Best bites: Take the TRAX train for a five-minute ride to Red Iguana, 736 West North Temple, whose Mexican food is said to stand up to any Southern-Californian south-of-the-border fare.

Hoist a glass: Walk from Vivint Smart Home Arena to Squatters, 147 W. Broadway, for a warm, comfortable atmosphere and award-winning brews.

San Jose

The Winchester House of Mystery in San Jose, Calif.
(Kirk McKoy / Los Angeles Times)

What to know: In Silicon Valley, people work hard but play hard too, whether it’s at a gym, mountain biking or cheering teams during March Madness.


The game venue: SAP Center, 525 W. Santa Clara St.

Don’t miss: You think your remodel project was long: Sarah Lockwood Pardee Winchester, heiress to the Winchester rifle fortune, spent 26 years continually expanding her sprawling 160-room Winchester Mystery House, 525 S. Winchester Blvd. The work ended when she died. Speculation abounds that her renovation projects helped her try to excise demons who were victims of those Winchesters guns.

Best bites: Falafel’s Drive-in, 2301 Stevens Creek Blvd., is a San Jose icon with a 50-year history. It’s known for Middle-Eastern dishes, banana shakes and clientele from all walks of Silicon Valley life.

Hoist a glass: If you’re up for some intensity, check out MiniBoss, 52 E. Santa Clara St., a new arcade bar that features cocktails, beer, pinball machines and video games.

Tulsa, Okla.

Cain's Ballroom, in the arts district in Tulsa, Okla.
(Joseph Rushmore / For The Times)

What to know: With the Woody Guthrie Center, 102 E Mathew B. Brady St., and Cain’s Ballroom, 423 N Main St., Tulsa is a music town. Some also call it the Birthplace of Route 66 because locals first pushed for the development of the famous road linking Chicago and Los Angeles (and passing through Tulsa).


The game venue: BOK Center, 200 S. Denver Ave.
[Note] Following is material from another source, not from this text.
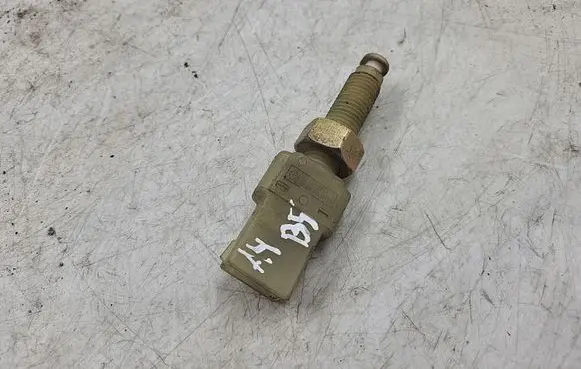 Audi A4 S4 B5 8D Brake pedal sensor switch 443945515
W.

Don’t miss: A Gathering Place, 2650 S. John Williams Way E., Tulsa’s 66-acre family-focused riverfront park that opened in October with nearly a dozen areas full of playgrounds, suspension bridges, fountains and picnic areas.

Best bites: Elgin Park, 325 E. Mathew B. Brady St., less than a mile from the BOK Center, features pizza, wings, burgers, meatballs, cheese sticks, fries, and, oh yes, salads.

Hoist a glass: For beverages and music, head to the Colony, 2809 S. Harvard Ave., where live bands perform nightly.

Washington, D.C.

The U.S. Capitol at sunrise as seen from the Library of Congress in Washington, D.C.
(Danita Delimont / Getty Images)

What to know: Of course, the nation’s capital excels in number and variety of museums and historical sites, but in the spring, seek out the great outdoors too, when cherry blossoms, dogwood, jonquils, tulips, forsythia, hyacinth and more burst forth, some in planned gardens, others just hither and yon.


The game venue: Capital One Arena, 601 F St. N.W.

Don’t miss: The National Portrait Gallery, Eighth and F streets, N.W., hosts “Champions,” a revolving exhibit of American sports figures from the founding of this country through today. These athletes are honored not for sports but for their impact on the country.

Best bites: Walk two blocks from Capital One Arena to Dirty Habit, 555 8th St. N.W., for an upscale meal in the downtown Penn Quarter. You may very well find pork katsu sando, burrata with beets, or Nutella beignets.

Hoist a glass: Head to Penn Social, 301 801 E St. N.W. for three bars, two stages, 30-plus kinds of beer and more than 20 games from Hoops FX to Bubble Hockey to Foosball to old-fashioned board games such as Sorry.